While oppositions can be pretty spectacular, they’re not rare. They occur about once a year as Earth’s speedy orbit sends us whizzing past all the slower-moving outer planets. (It takes Jupiter 11.9 years to orbit the sun.) As we do that, those planets sometimes appear to start looping backward in the sky, in an illusion called retrograde motion.
Viewing Jupiter
Jupiter was a prime target of inventor and astronomer Galileo’s innovation, the telescope, in 1610. As he started tracking the movements of four little white dots around the planet, Galileo realized he was witnessing a cosmic proof of the law of gravitation, with satellite worlds circling a massive one.
You can make the same discovery for yourself. Get out your binoculars and train it upon the planetary giant. It’ll be hard to miss four points of light hugging the planet and moving around it, night after night. Those are the Jovian satellites Io, Ganymede, Callisto and Europa. All but the latter are larger than Earth’s moon.

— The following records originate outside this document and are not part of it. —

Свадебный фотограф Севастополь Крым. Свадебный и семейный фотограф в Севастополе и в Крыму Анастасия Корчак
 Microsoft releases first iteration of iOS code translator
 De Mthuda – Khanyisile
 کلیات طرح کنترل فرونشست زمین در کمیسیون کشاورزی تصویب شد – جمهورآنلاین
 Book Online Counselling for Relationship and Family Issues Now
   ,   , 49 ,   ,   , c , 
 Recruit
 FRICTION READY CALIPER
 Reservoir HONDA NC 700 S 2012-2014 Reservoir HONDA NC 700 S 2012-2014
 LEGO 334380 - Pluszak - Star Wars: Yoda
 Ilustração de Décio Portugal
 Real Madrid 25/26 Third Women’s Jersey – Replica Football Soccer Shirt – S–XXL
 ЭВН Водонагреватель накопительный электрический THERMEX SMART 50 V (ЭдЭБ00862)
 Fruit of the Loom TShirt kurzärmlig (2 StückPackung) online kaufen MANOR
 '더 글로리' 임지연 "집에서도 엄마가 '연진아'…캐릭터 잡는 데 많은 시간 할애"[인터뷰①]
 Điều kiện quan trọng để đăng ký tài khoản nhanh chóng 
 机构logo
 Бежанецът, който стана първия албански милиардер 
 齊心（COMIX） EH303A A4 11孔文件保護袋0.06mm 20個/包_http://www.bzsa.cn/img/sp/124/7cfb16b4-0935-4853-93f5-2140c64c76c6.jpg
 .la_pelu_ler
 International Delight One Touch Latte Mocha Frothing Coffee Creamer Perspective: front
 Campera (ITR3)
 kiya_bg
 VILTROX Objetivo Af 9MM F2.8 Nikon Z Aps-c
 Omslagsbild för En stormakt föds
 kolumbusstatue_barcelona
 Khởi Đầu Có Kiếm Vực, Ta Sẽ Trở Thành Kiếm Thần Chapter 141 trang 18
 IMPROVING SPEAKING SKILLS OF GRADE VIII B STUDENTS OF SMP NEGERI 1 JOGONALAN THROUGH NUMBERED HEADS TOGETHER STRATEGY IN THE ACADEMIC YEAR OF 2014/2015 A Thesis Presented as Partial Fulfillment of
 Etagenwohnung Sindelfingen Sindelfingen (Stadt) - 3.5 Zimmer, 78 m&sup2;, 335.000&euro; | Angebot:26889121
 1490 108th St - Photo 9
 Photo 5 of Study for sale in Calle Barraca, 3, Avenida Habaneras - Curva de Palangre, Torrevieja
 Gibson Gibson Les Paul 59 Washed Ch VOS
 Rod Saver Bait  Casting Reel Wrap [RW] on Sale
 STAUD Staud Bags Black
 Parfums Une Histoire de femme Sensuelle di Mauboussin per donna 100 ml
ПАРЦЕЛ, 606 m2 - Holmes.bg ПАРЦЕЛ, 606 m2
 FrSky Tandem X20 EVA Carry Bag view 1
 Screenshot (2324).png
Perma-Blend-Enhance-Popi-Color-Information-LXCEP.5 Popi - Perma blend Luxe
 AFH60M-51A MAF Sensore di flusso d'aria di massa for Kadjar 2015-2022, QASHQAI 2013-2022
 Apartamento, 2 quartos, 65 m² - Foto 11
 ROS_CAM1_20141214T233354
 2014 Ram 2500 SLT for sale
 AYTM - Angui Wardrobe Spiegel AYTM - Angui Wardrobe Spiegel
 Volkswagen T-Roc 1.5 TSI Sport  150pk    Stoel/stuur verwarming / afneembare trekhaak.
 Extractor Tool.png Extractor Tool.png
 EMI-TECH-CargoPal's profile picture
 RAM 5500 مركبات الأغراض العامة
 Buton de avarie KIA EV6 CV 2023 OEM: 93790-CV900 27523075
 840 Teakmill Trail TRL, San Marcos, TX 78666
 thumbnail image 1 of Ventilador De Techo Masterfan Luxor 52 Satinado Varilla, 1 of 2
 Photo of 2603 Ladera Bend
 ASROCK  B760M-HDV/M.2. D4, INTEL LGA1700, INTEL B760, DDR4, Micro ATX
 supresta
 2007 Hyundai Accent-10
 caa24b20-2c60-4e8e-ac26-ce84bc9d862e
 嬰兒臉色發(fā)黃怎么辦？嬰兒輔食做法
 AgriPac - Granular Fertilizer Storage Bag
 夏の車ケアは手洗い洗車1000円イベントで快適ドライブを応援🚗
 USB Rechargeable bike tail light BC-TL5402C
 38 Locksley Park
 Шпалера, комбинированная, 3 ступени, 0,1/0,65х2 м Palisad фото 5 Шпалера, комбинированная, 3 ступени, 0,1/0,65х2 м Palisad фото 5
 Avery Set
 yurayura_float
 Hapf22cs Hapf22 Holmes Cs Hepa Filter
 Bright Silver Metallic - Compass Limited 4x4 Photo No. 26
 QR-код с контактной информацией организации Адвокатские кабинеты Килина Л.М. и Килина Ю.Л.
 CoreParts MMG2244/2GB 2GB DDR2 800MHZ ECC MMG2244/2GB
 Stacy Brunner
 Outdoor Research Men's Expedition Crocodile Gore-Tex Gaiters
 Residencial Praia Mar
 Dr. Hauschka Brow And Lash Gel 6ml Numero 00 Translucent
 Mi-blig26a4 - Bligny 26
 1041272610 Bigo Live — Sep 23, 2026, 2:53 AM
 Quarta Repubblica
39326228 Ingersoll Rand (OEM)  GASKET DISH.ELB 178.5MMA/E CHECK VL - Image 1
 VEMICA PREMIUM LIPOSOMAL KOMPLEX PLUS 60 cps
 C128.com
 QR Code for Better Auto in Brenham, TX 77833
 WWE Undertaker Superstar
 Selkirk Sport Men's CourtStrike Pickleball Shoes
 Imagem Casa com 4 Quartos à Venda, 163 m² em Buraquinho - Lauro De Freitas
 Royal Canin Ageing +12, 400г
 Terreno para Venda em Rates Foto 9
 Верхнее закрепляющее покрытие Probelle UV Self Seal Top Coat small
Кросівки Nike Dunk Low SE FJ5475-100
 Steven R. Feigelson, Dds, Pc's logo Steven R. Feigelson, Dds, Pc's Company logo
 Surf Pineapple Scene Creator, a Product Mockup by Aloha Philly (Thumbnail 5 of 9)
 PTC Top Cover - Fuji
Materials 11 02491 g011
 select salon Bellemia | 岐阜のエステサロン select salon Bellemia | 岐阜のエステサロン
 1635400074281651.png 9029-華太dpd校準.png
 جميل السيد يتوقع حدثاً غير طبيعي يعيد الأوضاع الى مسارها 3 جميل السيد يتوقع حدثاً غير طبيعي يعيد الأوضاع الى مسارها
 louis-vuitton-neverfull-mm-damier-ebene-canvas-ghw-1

Galileo was the first to discover another planet’s moons. In the years since, astronomers with better technology than hand-made telescopes have spotted many more moons around Jupiter. The count is now up to 95 moons, according to NASA.
With sufficiently powerful binoculars, you’ll also be able to make out the churning cloud bands that encircle the planet. If not, Jupiter’s sharp brilliance is still guaranteed to impress. Jupiter will remain visible in our night sky through April 2025.
What else is up?
Red planet Mars will grow distinctly bright in December as it gets ready for its own oppositional star turn Jan. 16. Mars rises in the east-northeast at about 8 p.m. Saturday, but by the end of the month it’ll be appearing hours earlier. While it’s tough to see any detail without a powerful telescope, Mars’ ruddy shine makes it unmistakable in the sky.
Finally, don’t get too excited about the peak of the annual Geminids meteor shower, expected Dec. 13. That’s because a waxing moon will also be preparing to peak (on Dec. 15), likely washing out all but the brightest shooting stars. Moonlight will last throughout that night, dampening whatever show the Geminids put on for us.
If you’re determined to catch some Geminids, the time to start looking is now, since this meteor shower is active late November through Christmas.